_Stored dataset items_
──────

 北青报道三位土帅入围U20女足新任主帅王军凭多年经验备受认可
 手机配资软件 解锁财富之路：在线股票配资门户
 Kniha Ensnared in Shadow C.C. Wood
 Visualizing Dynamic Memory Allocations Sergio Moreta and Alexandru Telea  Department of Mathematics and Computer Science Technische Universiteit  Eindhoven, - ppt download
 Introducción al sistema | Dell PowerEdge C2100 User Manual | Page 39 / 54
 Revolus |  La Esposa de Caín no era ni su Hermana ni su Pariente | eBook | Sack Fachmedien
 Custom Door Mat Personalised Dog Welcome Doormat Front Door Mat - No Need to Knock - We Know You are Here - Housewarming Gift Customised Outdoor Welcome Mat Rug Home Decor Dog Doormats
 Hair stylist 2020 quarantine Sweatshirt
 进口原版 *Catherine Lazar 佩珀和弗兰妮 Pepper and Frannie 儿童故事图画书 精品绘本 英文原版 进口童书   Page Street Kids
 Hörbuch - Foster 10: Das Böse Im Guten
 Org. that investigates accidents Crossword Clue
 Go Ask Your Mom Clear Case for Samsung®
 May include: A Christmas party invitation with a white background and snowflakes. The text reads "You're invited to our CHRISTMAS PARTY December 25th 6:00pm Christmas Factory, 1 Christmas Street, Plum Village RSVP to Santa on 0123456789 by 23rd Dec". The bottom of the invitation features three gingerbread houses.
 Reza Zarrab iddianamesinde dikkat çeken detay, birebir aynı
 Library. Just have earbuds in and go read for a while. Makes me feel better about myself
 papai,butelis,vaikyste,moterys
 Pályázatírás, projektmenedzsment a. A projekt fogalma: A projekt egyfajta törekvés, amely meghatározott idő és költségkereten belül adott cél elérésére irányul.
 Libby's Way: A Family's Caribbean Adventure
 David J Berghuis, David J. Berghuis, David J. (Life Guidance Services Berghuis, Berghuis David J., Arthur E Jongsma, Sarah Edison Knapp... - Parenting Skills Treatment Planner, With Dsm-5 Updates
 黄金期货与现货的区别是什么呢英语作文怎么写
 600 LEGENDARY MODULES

──────

_Work task_
Please output an exact copy of the lines above, from the opening line of the data down to the line that contains "eBook | Sack Fachmedien".

_Written solution_
 北青报道三位土帅入围U20女足新任主帅王军凭多年经验备受认可
 手机配资软件 解锁财富之路：在线股票配资门户
 Kniha Ensnared in Shadow C.C. Wood
 Visualizing Dynamic Memory Allocations Sergio Moreta and Alexandru Telea  Department of Mathematics and Computer Science Technische Universiteit  Eindhoven, - ppt download
 Introducción al sistema | Dell PowerEdge C2100 User Manual | Page 39 / 54
 Revolus |  La Esposa de Caín no era ni su Hermana ni su Pariente | eBook | Sack Fachmedien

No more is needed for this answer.